Schaefer goes on the run with the help of a "typical" American family in New Jersey who defend him against foreign agents attempting to kidnap him off the street. He escapes with the help of a hippie tribe led by the "Old Wrangler", as spies from many nations attempt to kidnap him for the secret information that the president has disclosed to him. Meanwhile, agents from the FBR seek him on orders to '"liquidate" him as a national security risk. Eventually, Schaefer is found and kidnapped by Canadian Secret Service agents masquerading as a British pop group. Schaefer is rescued from the Canadians and an FBR assassin by Kropotkin (Severn Darden), a Russian KGB agent who intends to spirit him away to the Soviet Union. Kropotkin has second thoughts about his plan following a psychoanalysis session with the doctor during which Kropotkin begins to come to terms with his unrealized hatred of his KGB-chief father for having his mother shot during Joseph Stalin's Purge of 1937. Now feeling that he needs the doctor's help to continue his self-analysis, he instead returns him to U.S. soil.

Kropotkin arranges a pickup with his trusted CEA colleague Don Masters, but Schaefer is kidnapped again, this time by TPC (The Phone Company), a far more insidious organization than the CSS, the FBR, or the KGB, which had been secretly observing him. Taken to TPC headquarters in New Jersey, he is introduced to its leader, who wants Schaefer's help in carrying out their plan for world domination. As the TPC leader makes his presentation, a camera closeup reveals electronic cables connected to one of his feet, revealing that he is actually an animatronic robot.
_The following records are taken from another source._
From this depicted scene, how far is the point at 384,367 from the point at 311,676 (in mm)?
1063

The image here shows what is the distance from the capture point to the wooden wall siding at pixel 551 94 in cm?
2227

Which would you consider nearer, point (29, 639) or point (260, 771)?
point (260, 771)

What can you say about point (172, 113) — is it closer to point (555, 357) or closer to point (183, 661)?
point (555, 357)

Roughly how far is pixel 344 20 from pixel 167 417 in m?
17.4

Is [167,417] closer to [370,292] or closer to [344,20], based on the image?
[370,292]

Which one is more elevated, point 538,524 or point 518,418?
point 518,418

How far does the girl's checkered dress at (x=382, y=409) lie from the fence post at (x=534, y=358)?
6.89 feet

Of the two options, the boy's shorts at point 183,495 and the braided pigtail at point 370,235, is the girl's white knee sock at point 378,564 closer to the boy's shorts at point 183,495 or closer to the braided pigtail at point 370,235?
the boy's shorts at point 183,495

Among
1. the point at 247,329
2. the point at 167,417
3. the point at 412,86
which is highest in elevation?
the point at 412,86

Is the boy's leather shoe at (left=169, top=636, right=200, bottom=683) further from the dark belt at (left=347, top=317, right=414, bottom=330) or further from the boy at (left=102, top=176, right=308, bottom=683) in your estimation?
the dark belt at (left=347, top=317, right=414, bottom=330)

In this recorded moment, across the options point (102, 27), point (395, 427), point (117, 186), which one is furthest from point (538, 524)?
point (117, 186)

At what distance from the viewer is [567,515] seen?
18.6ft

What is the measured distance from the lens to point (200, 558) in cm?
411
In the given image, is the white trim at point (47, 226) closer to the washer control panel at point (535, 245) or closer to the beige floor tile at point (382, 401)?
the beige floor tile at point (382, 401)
TPC has developed a "modern electronic miracle", the Cerebrum Communicator (CC), a microelectronic device that can communicate wirelessly with any other CC in the world. With the CC implanted in the brain, a user need only think of the phone number to be called, and is instantly connected, thus eliminating the need for The Phone Company's massive and expensive wired infrastructure. For this to work, every human being will be assigned a number instead of a name, and will have the CC implanted prenatally. Schaefer is to be forced to assist the TPC scheme by blackmailing the president to pushing through the required legislation. TPC uses a short animated sequence (a parody of the animation in Our Mr. Sun) to explain the plan to Schaefer.
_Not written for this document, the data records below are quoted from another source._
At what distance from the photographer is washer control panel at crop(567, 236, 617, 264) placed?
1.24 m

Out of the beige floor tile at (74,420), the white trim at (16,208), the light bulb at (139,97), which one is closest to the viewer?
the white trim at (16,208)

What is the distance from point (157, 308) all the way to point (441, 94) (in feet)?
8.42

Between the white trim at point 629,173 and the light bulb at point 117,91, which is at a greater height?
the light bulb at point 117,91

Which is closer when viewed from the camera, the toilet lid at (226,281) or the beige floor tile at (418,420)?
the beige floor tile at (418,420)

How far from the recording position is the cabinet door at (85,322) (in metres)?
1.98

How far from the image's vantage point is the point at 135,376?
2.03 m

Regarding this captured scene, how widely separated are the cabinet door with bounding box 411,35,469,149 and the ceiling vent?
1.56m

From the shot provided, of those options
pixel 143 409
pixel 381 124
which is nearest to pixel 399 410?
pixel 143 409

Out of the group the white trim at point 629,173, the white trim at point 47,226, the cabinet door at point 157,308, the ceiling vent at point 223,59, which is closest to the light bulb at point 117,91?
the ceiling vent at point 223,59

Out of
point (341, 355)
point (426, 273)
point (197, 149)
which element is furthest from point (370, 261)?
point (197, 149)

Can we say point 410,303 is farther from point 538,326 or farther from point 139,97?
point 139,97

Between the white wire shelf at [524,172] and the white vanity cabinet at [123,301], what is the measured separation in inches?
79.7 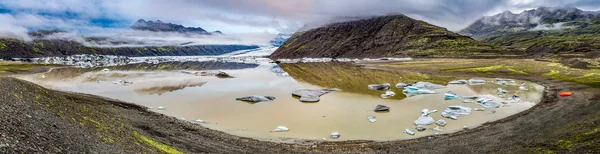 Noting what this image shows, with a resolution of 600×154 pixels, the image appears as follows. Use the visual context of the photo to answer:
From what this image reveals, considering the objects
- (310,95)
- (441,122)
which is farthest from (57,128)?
(310,95)

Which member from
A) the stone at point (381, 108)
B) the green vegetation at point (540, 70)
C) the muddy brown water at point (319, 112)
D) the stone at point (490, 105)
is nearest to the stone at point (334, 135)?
the muddy brown water at point (319, 112)

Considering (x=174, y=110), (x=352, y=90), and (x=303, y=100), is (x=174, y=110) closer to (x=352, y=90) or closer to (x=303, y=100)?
(x=303, y=100)

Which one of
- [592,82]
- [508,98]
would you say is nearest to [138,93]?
[508,98]

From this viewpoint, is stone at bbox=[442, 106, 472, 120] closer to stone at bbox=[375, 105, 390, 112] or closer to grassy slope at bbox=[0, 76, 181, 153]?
stone at bbox=[375, 105, 390, 112]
Masters and Kropotkin use their superspy abilities to come to Schaefer's rescue. They hand Schaefer an M16 rifle that he gleefully uses on The Phone Company's security staff. The trio emerge victorious from the ensuing bloodbath, but months later, as Schaefer and his spy friends are enjoying a Christmas reunion, animatronic executives from TPC are seen staring approvingly at a secret monitor, while "Joy to the World" plays in the background.

Cast

 James Coburn as Dr. Sidney Schaefer
 Godfrey Cambridge as Don Masters
 Severn Darden as V. I. Kydor Kropotkin
 Joan Delaney as Nan Butler
 Pat Harrington, Jr. as Arlington Hewes
 Barry McGuire as Old Wrangler
 Jill Banner as Snow White
 Eduard Franz as Ethan Allan Cocket
 Walter Burke as Henry Lux
 Will Geer as Dr. Lee Evan
 William Daniels as Wynn Quantrill
 Joan Darling as Jeff Quantrill
 Sheldon Collins as Bing Quantrill
 Arte Johnson as Sullivan
 Martin Horsey as 1st Puddlian

Production
James Coburn first met Theodore Flicker on the set of Charade where the screenwriter was visiting his colleague and friend Peter Stone. Years later, Flicker met Coburn at a Christmas party, where he showed Coburn the script of a film that the screenwriter wished to direct. Coburn had just made Waterhole #3 for Paramount, and showed the script to Robert Evans, who loved it. A deal for production was made in five days. It was the first movie Evans greenlit as the new head of Paramount Studios.

The film was shot in New York City and the Paramount Studios in Los Angeles. Evans claimed that during production of the film, he was visited by FBI agents who told him that the agency did not want the film to be made because of its unflattering portrayal of the FBI. Evans refused, but when pressured by his studio, he changed the "FBI" to "FBR", and "CIA" to "CEA" by redubbing the voice track slightly out of sync. Evans believed that his telephone was monitored by the FBI (or the phone company) from that point on. The film's opening credits include a disclaimer that it was made without cooperation from the FBI or CIA.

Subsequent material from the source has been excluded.